Since then, it is chaos, especially in the area of intellectual property.
CHAOS.
A good example is the just reported jury decision in the Oracle suit against Google for Android's alleged "copyright infringement" of parts of the Java programming language (acquired by Oracle from Sun in 2010), a suit which had gone to a jury for deliberation on technical and legal questions.... i.e. to people having not the slightest clue about either the law or the technology in this field.... and that jury gave a fitting result.... CHAOS.
Rachel King e.g. has the story at ZDNet, with the basic headline
Oracle wins on infringement; jury stuck on Google's fair use argument.
The case is likely to result in a mistrial.
Not only was this jury stuck.
The entire legal system in the United States is STUCK
as far as a sane treatment of intellectual property is concerned.
This case is another example of that.
At least in Europe,
as we recently reported,
this kind of absurdity is less likely,
though monopolist forces are massing also here.
What is amazing about these jury trials is that judges and people who have never done any computer programming in their lives are expected to decide these important questions. In fact, they do not understand that programming is all mathematics, according to pretty cut and dried rules that all are based on modular construction via formulas and algorithms. Prior art has been building on prior art ever since someone programmed, "if n=1 then goto 2".

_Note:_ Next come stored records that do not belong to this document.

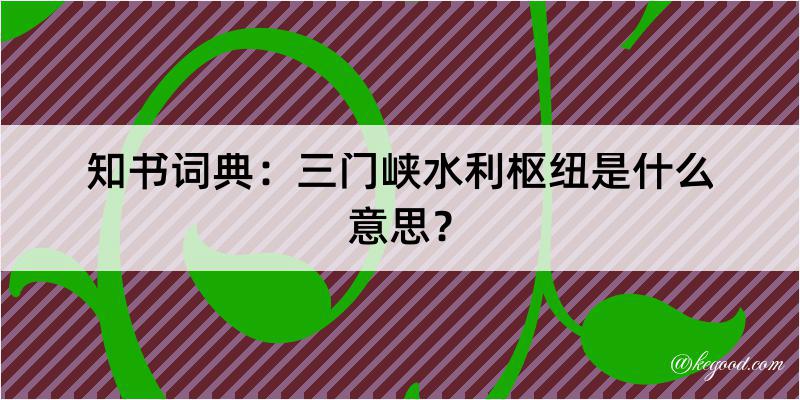 知书词典：三门峡水利枢纽是什么意思？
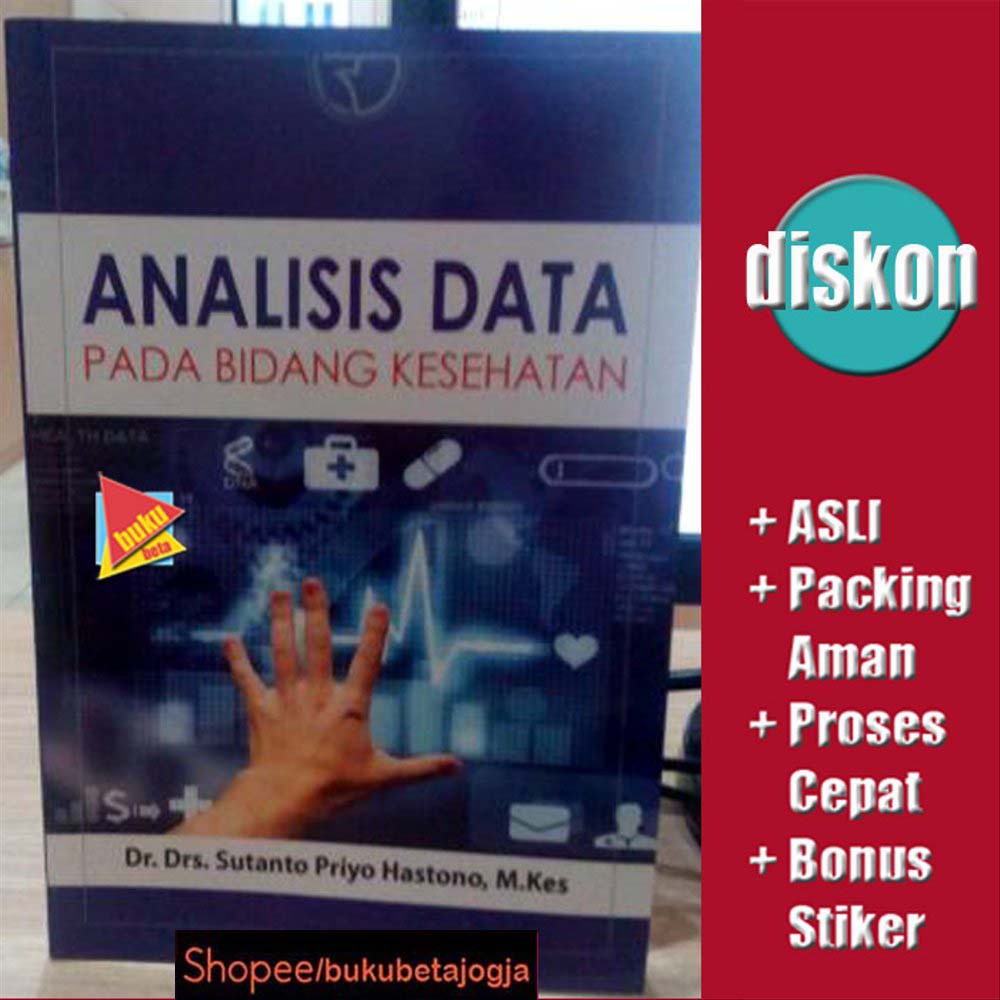 Jual Analisis Data Pada Bidang Kesehatan - Sutanto Priyo Hastono ...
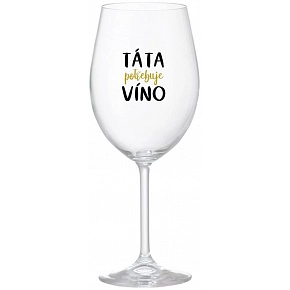 TÁTA POTŘEBUJE VÍNO - čirá sklenice na víno 350 ml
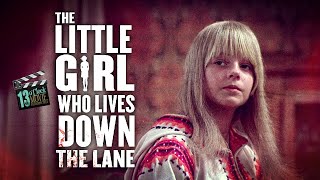 Movie Retrospective The Little Girl Who Lives Down the Lane 1976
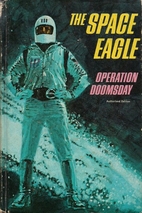 The Space Eagle: Operation Doomsday by Jack…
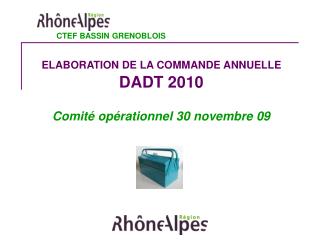 ELABORATION DE LA COMMANDE ANNUELLE DADT 2010 Comité opérationnel 30 novembre 09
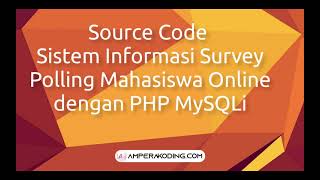 Source Code Sistem Informasi Survey Polling Mahasiswa Online dengan PHP MySQLi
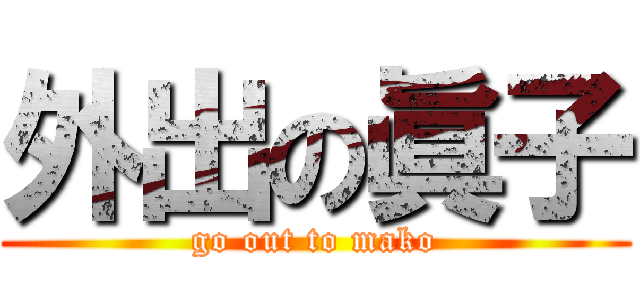 外出の眞子 (go out to mako)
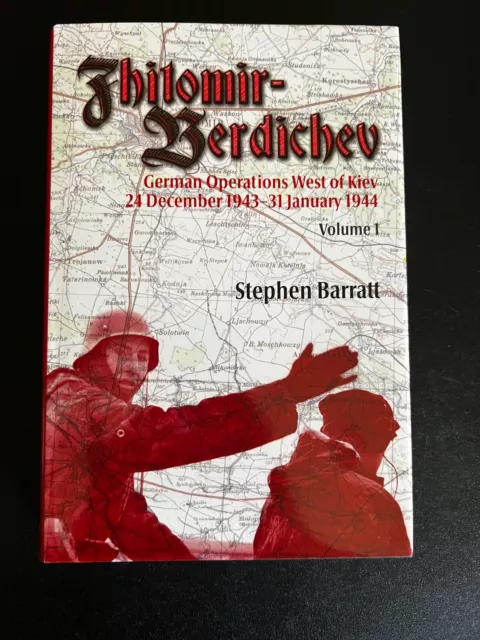 Zhitomir-Berdichev Volume 1 German Operations West of Kiev 1943 1944 Map Book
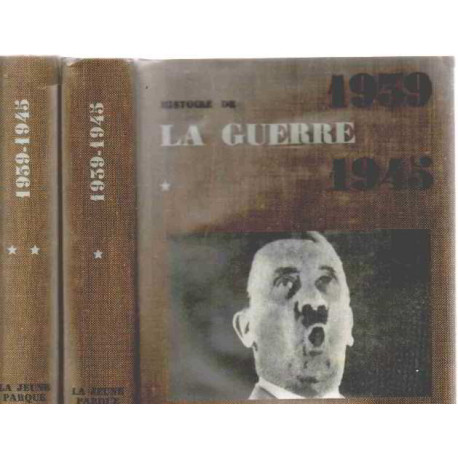 Histoire de la guerre 1939-1945 / 2 tomes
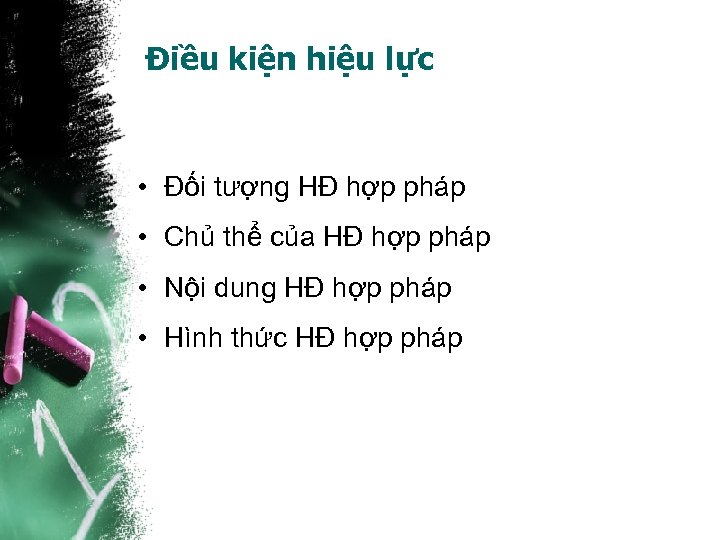 Điều kiện hiệu lực • Đối tượng HĐ hợp pháp • Chủ thể của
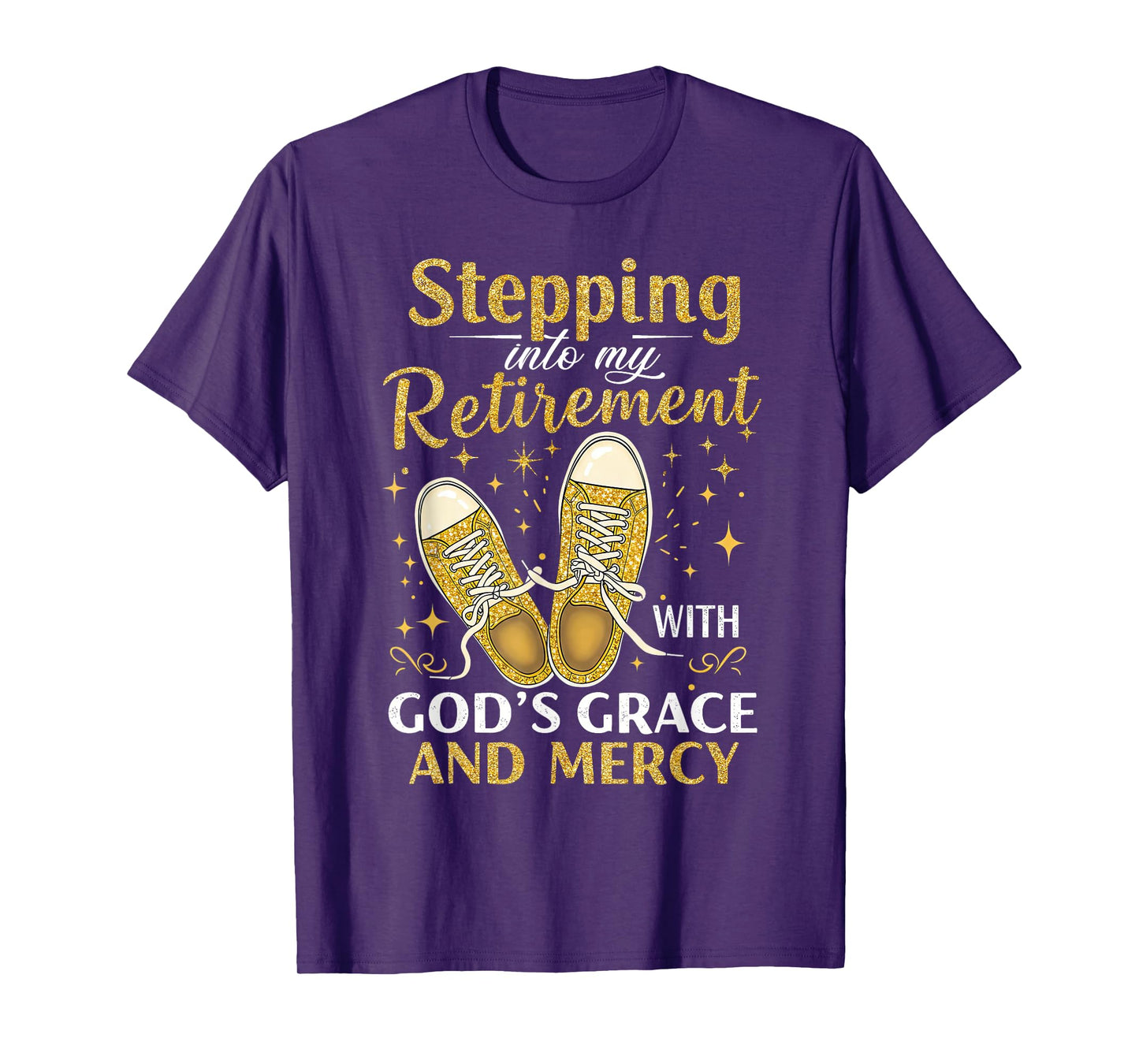 Stepping Into My Retirement With God's Grace And Mercy T-Shirt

How can we possibly have a legal system in which clueless juries are deciding billion-dollar economic questions affecting the future of technology on our planet?
Absurdity is a good word for that.
The blind leading the blind is an understatement.
Meanwhile, the people in Congress and the United States Supreme Court are collecting their overinflated paychecks.... and one must really ask, for what?
Certainly not for coming up with viable solutions for the world's prevailing legal and juridical issues and problems.